• [WHAT THIS TASK INVOLVES] In the entries that follow, the lines from the line containing "60 cm Tüylü Bahçe Süpürgesi, Toptan 12 Adet" up to and including the line containing "Therefore the LORD" must be copied exactly, with pictures omitted.

Segment Start: TASK DATA

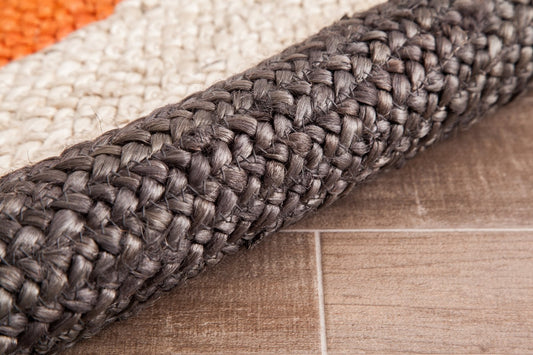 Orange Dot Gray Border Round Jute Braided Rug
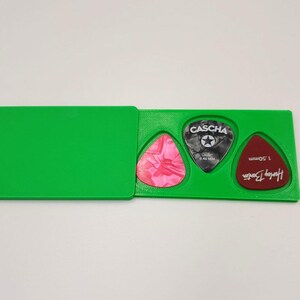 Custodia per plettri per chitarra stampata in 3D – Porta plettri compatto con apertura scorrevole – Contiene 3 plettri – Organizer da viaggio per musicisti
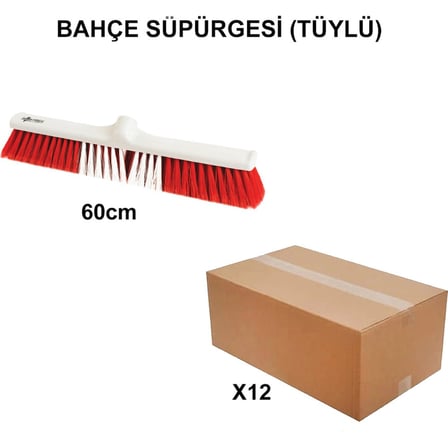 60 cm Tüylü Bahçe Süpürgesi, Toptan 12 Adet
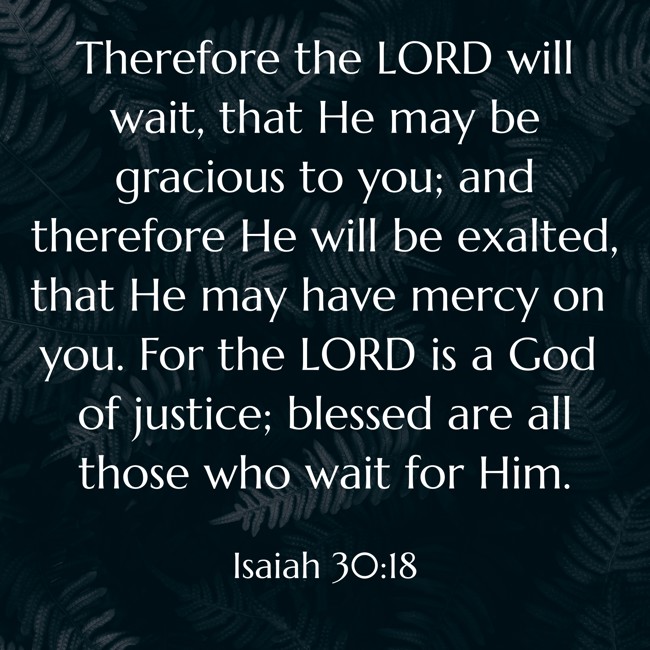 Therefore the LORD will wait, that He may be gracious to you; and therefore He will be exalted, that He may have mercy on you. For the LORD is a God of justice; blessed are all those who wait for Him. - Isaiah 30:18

Segment End: TASK DATA
Segment Start: TASK DATA

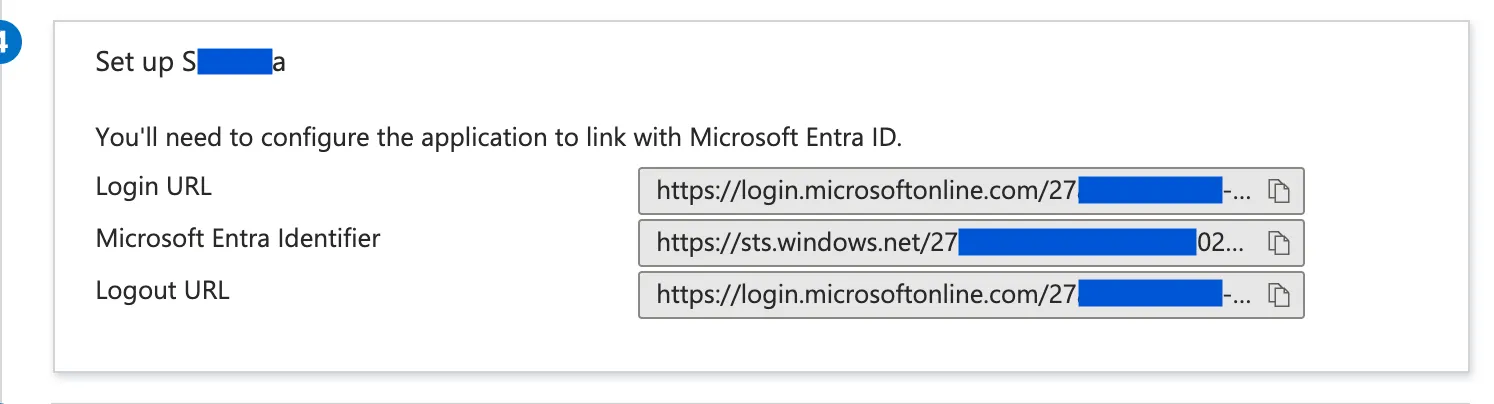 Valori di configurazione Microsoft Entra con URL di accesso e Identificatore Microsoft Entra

Segment End: TASK DATA

• [TASK RESULT]
 60 cm Tüylü Bahçe Süpürgesi, Toptan 12 Adet
 Therefore the LORD will wait, that He may be gracious to you; and therefore He will be exalted, that He may have mercy on you. For the LORD is a God of justice; blessed are all those who wait for Him. - Isaiah 30:18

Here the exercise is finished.